» December 14, 1948: The Indians send Eddie Klieman, Eddie Robinson, and P Joe Haynes, acquired from the White Sox three weeks earlier for C Joe Tipton, to Washington for Early Wynn and Mickey Vernon. Vernon will go back to the Nats in 1950 but Wynn will stay in Cleveland for nine seasons and 163 wins. » May 3, 1949: Taking advantage of the shortened fence installed by White Sox GM Frank Lane, the Senators belt seven homers—and need them all—in beating Chicago, 14–12 in 10 innings. This is only time a team has collected seven homers in an extra inning contest. Clyde Vollmer leads the hit parade with 2, followed by Mark Christman, Gil Coan, Al Evans, Eddie Robinson, and Bud Stewart. The Sox get homers from Joe Tipton and Gus Zernial.

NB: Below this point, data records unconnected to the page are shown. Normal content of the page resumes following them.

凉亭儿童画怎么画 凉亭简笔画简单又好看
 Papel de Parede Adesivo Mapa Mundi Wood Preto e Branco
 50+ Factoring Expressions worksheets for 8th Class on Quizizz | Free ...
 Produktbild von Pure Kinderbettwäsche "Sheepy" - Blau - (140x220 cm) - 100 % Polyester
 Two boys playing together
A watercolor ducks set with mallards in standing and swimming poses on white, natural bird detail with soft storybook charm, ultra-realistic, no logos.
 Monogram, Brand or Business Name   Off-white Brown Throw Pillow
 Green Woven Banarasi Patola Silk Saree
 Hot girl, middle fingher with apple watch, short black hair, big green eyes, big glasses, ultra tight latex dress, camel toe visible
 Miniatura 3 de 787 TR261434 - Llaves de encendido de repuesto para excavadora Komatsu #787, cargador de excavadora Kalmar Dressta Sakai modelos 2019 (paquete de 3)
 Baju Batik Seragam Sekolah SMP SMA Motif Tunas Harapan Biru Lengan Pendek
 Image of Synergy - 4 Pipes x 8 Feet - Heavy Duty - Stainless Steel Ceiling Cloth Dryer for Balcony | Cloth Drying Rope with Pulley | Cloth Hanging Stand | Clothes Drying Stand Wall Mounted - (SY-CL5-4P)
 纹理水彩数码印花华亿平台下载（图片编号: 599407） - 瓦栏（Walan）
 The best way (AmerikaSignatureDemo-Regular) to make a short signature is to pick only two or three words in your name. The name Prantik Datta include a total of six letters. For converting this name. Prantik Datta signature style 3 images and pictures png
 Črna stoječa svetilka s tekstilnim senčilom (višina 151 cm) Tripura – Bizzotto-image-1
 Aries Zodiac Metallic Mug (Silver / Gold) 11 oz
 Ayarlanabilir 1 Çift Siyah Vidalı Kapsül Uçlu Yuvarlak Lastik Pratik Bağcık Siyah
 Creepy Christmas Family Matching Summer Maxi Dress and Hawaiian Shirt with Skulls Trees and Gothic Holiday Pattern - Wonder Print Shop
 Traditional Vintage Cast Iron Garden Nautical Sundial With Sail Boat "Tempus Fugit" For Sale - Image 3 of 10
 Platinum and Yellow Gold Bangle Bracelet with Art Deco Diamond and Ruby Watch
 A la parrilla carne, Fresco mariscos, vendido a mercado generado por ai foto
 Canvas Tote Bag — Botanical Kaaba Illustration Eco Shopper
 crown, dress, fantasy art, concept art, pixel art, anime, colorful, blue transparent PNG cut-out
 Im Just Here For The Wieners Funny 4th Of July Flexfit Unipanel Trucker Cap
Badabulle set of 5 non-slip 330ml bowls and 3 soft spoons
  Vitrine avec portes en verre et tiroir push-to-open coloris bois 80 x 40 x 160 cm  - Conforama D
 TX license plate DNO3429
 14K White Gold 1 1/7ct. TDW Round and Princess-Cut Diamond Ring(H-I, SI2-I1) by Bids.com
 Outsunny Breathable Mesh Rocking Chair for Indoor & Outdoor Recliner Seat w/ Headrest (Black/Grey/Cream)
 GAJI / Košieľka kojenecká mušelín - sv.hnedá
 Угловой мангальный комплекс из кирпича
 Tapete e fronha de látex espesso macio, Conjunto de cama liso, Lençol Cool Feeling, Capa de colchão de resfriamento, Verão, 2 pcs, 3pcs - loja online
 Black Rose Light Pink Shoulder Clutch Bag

» May 31, 1950: Washington sends 1B Eddie Robinson, P Ray Scarborough and Al Kozar to the White Sox for P Bob Kuzava, 2B Cass Michaels and OF John Ostrowski. Robinson will set a club record in 1951, since-broken, with 29 home runs.
» April 25, 1951:
In the opening game, a 8–6 win over the Browns, Eddie Robinson becomes the 8th player, but the first White Sox, to hit a ball over the RF grandstand, added 26 years ago, at Comiskey. His blast comes off Al Widmar. Also leaving the park are Delsing and Wood for St. Louis, and Zarilla for the Sox. Browns ace Ned Garver beats Marv Rotblatt, 7–4, in the nitecap
» August 11, 1951:
Behind the four-hit pitching of Early Wynn, the Indians defeat the White Sox 2–1 in front of a Ladies Night crowd of 70,119. Wynn's homer in the 7th gives the Tribe (68-39) and negates 2nd-inning homers by Eddie Robinson and Al Rosen. It's the Tribes 9th straight win to stay deadlocked with the Yankees for first place. Loser Joe Dobson, who has beaten Wynn twice this year, gives up just six hits.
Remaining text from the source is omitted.